* _What is needed_: Everything from the first line of the data through the line with "#CapCut ايا اللهي" is to be echoed exactly, minus the pictures.

-*-

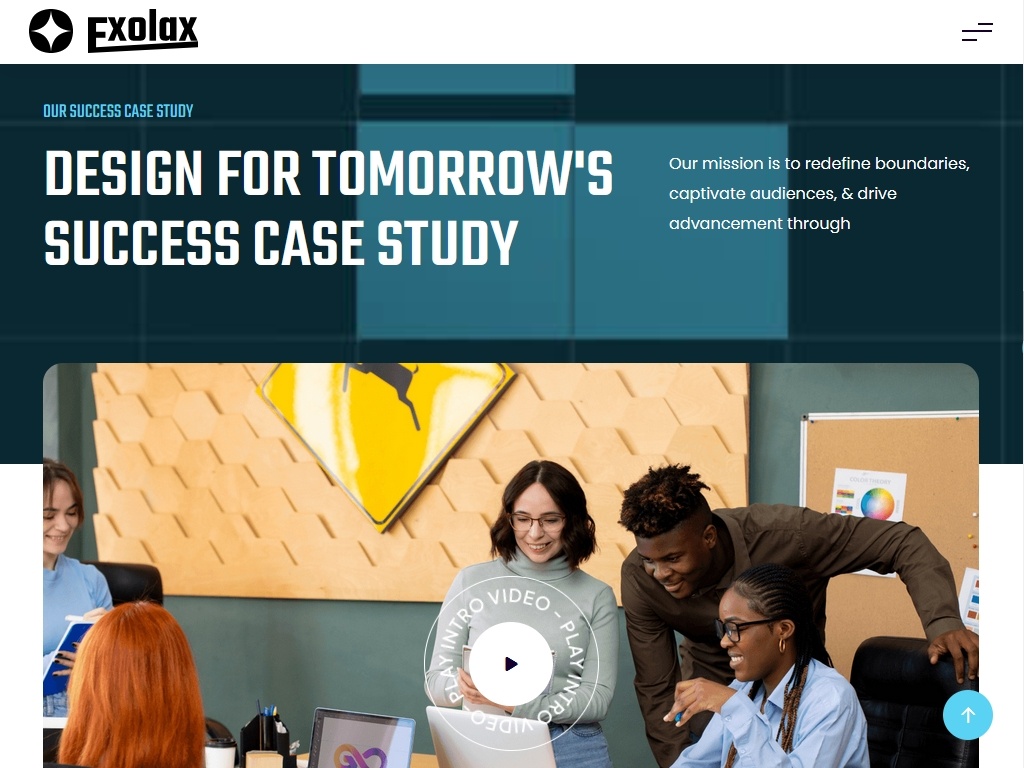 Шаблон креативного агентства и современного портфолио, идеальный шаблон для креативных агентств и бизнес стартапов. В этот шаблон включено несколько шаблонов с множеством анимаций CSS и jQuery.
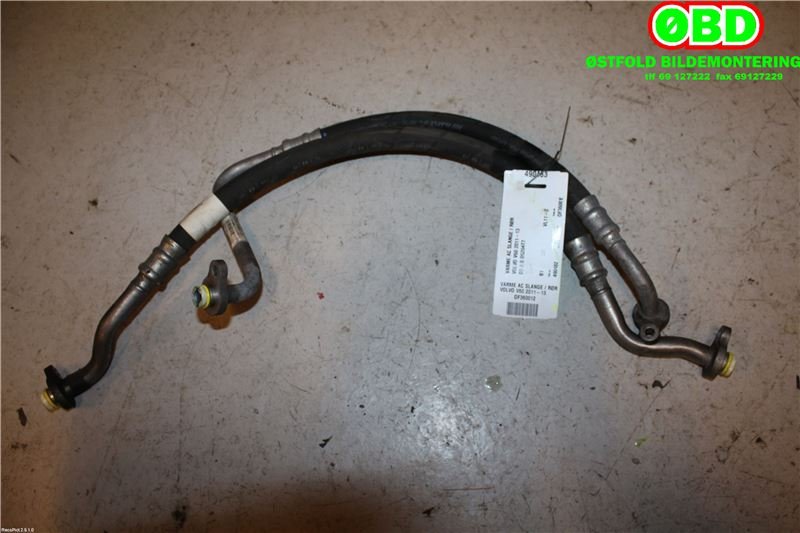 Aircondition rør til Volvo V60 2010-2013 (Type I, Fase 1) (VOLVO|)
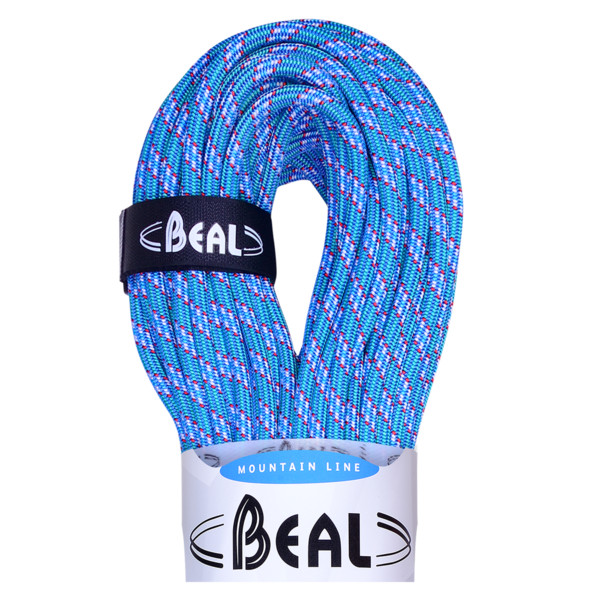 Beal ICE LINE 8.1MM GOLDEN DRY 60M - Kletterseil Ansicht 2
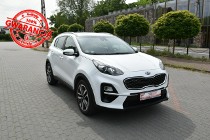 Kia Sportage IV 1.6CRDi 136KM Automat 2019r. FullLED Kamera NAVi Skóra HAK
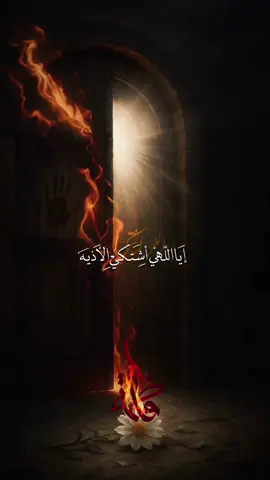 #CapCut ايا اللهي اشتكي الاذية/ استشهاد السيدة فاطمة الزهراء عليها السلام / محمد بوجباره#محمد_بوجبارة #فاطمة_الزهراء #يازهراء #اهل_البيت_عليهم_سلام 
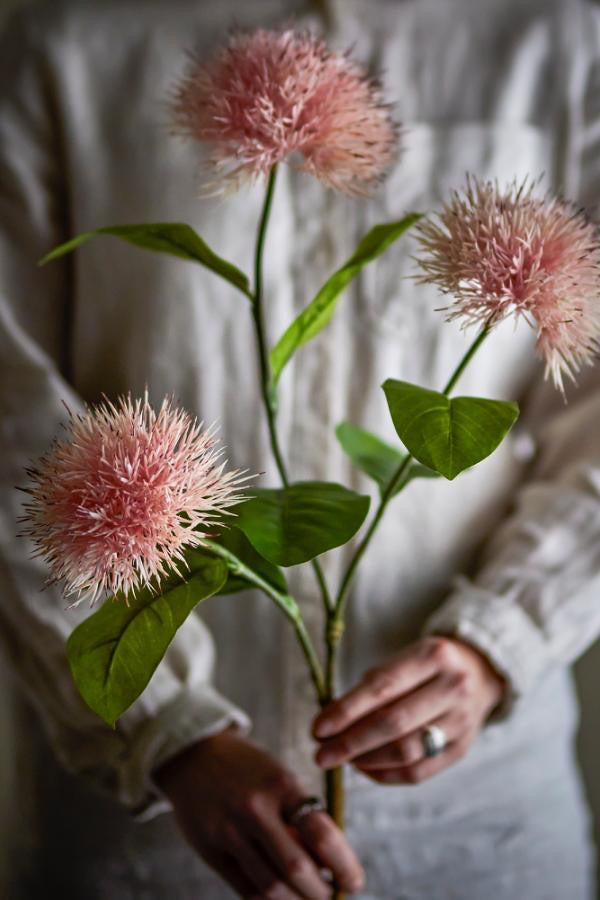 Chrysantemum Stem, Rose, Artificial Flowers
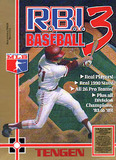 R.B.I. Baseball 3 (Nintendo Entertainment System)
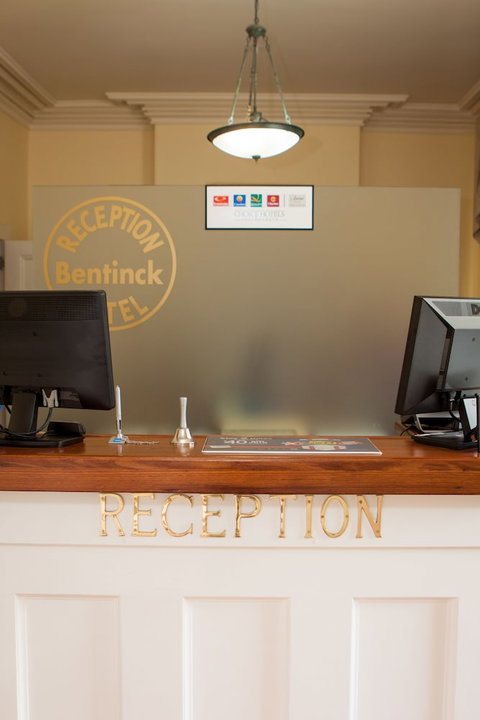 Quality Hotel Bentinck - Yamba Accommodation 2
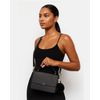 Bolsa Transversal Amanda - Preta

-*-

* _Solution to this problem_:
 Шаблон креативного агентства и современного портфолио, идеальный шаблон для креативных агентств и бизнес стартапов. В этот шаблон включено несколько шаблонов с множеством анимаций CSS и jQuery.
 Aircondition rør til Volvo V60 2010-2013 (Type I, Fase 1) (VOLVO|)
 Beal ICE LINE 8.1MM GOLDEN DRY 60M - Kletterseil Ansicht 2
 Kia Sportage IV 1.6CRDi 136KM Automat 2019r. FullLED Kamera NAVi Skóra HAK
 #CapCut ايا اللهي اشتكي الاذية/ استشهاد السيدة فاطمة الزهراء عليها السلام / محمد بوجباره#محمد_بوجبارة #فاطمة_الزهراء #يازهراء #اهل_البيت_عليهم_سلام 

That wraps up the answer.